Can anyone confirm this is kosher? 

Thanks,

Brian


----------



## north star (Oct 11, 2018)

*@ = @*

Yes ***Hydrax4978***, ...the building does need an
approved method of grounding.......There are choices
of which elements that be can used as the grounding
system.

Which Electrical Code is applicable in your application ?

Also, please have "that engineer" cite the applicable
Code sections to you in writing, that do not require an
approved method of grounding......Then come back
on here and let us know what is submitted to you.

*@ = @*


----------



## ICE (Oct 11, 2018)

The electrical system needs to be grounded:

_250.50 Grounding Electrode System. All grounding electrodes as described in 250.52(A)(1) through (A)(7) that are present at each building or structure served shall be bonded together to form the grounding electrode system. 
_
Unless the electrons in Connecticut are a different color than here in California, that code section should be correct.


----------



## Mark K (Oct 12, 2018)

I believe the electrical engineer is correct based on an understanding of electronics.

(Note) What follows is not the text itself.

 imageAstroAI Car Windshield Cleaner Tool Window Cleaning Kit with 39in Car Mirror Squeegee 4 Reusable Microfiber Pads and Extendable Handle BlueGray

Grounding wires are needed to provide a safe path for excess electrons to get to the ground thus protecting the inhabitants and the structure.  Elements of the building that do not create or transfer electrons do not need to be grounded.  Thus since concrete and its reinforcement do not provide a source of electrons they do not need to be grounded.

Part of the confusion is because sometimes the rebar in the foundation is used as the building ground.  This is known as a Ufer ground.  But this is not needed if another path to ground is provided.  When a non-conducting membrane is installed between the concrete foundation and the ground a ufer ground would not work since it would result in a floating ground.

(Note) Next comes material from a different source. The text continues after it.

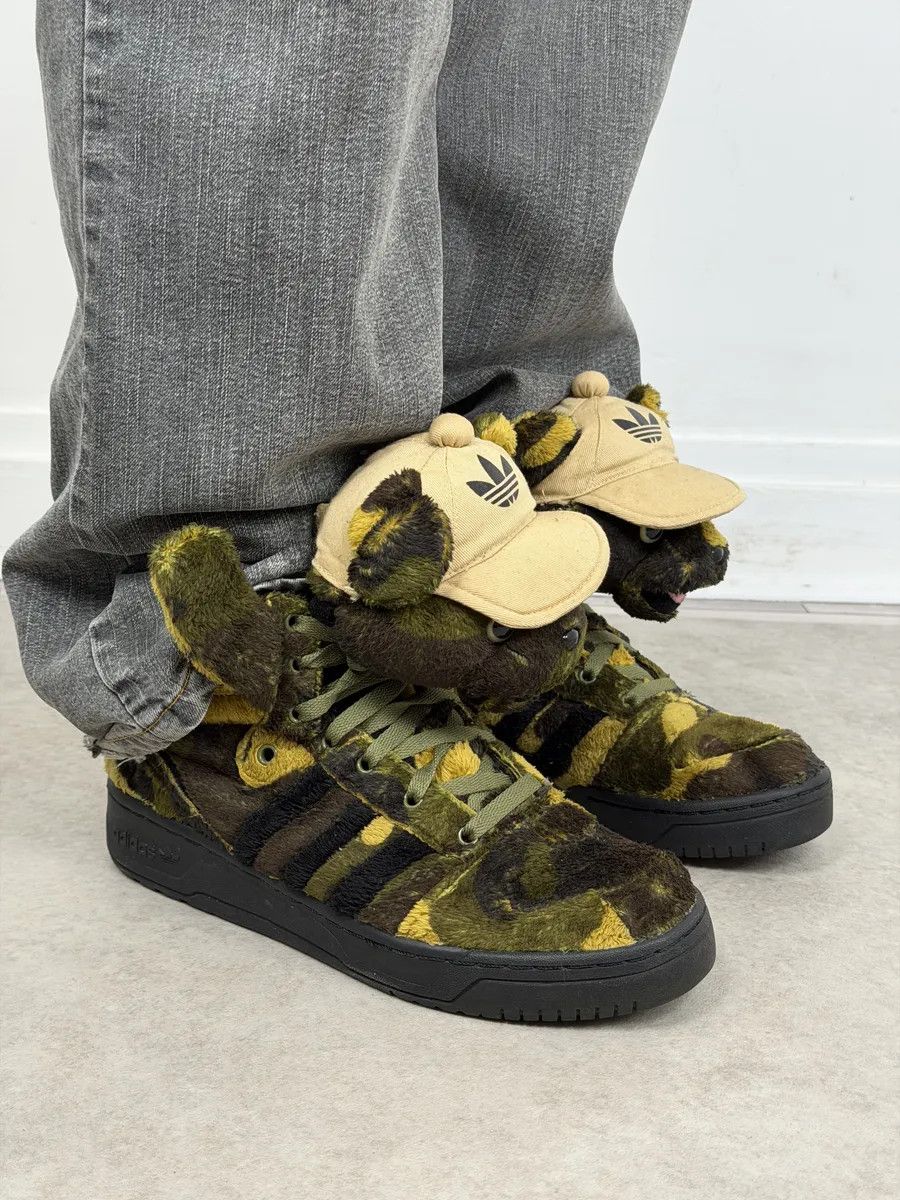 Adidas FW2013 Adidas x Jeremy Scott Khaki Plush Camo Bear Sneakers Size US 9 / EU 42 - 1 Thumbnail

Sometimes the rebar is bonded together if corrosion is a concern but that is not a safety concern.

I do not encourage the use of a buildings steel frame as part of the grounding system both because of the potential corrosion that could result from the grounding current and because I do not have confidence that the normal bolted connections provide a low resistance path.  There is also the concern that in some cases the bonding of the grounding wires to the buildings structural frame could create problems.


----------



## north star (Oct 12, 2018)

*@ ~ @ ~ @*

Using the building steel is one approved method of
grounding  [  *RE:*  Article 250.52(A)(2), `08 NEC  ].

*@ ~ @ ~ @*


----------



## jar546 (Oct 12, 2018)

Mark K said:


> ....................
> I do not encourage the use of a buildings steel frame as part of the grounding system both because of the potential corrosion that could result from the grounding current and because I do not have confidence that the normal bolted connections provide a low resistance path.  There is also the concern that in some cases the bonding of the grounding wires to the buildings structural frame could create problems.



Grounding current?  Do you mean fault current?  The grounding electrode system should only see current during a fault.


----------



## ICE (Oct 12, 2018)

All grounding electrodes......that are present......shall be bonded together......


----------



## Francis Vineyard (Oct 12, 2018)

steveray is from CT, hopefully he will shine some light on this topic.

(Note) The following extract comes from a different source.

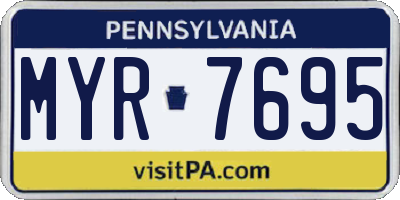 PA license plate MYR7695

Apparently CT is enforcing the 2017 NEC (see below).

Hyrax may want to further clarify correct use of terms to set this topic on the correct path of discussion.

"we were directed to ground the building steel and the plumbing piping to the electrical system" this as written could be construed as a bonding requirement, not part of the grounding electrode system.

The 2017 NEC changed 250.52(A)(2) to "Metal In-Ground Support Structure" from "Metal Frame of the Building" to qualify for it to meet specific conditions to be considered a grounding electrode. The metal support structure must be in direct contact with the earth vertically for 10 ft. or more (with or without concrete encasement).
Alternatively the hold-down bolts securing the structural steel column connected to the rebar in the foundation (concrete-encased electrode) will serve as the grounding electrode.


----------



## Hyrax4978 (Oct 12, 2018)

So if i understand this correct that by connecting the building steel and water service piping to the neutral bus, those are methods of grounding the system. and if ICE is correct, because we have rebar, and that is one method listed we need to tie that to the neutral as well. So then since it is a new building, and grounding rods do not currently exist, do they need to be added and also tied to the neutral bus. 

Thanks,

Brian


----------



## steveray (Oct 12, 2018)

You don't need rods....You do need one grounding electrode whatever that might be....As ICE said where any of the "approved " electrodes are available, they have to bonded together as part of the grounding electrode system..Like ICE said by 250.50.....The only time you "need" rods is when you use the water pipe as the GE it requires a supplemental electrode, which is typically rods...


----------



## Mark K (Oct 12, 2018)

Just because you have one or more elements that may be a part of the grounding system you do not have to automatically ground them as long as you provide the necessary grounding using a option listed in the code.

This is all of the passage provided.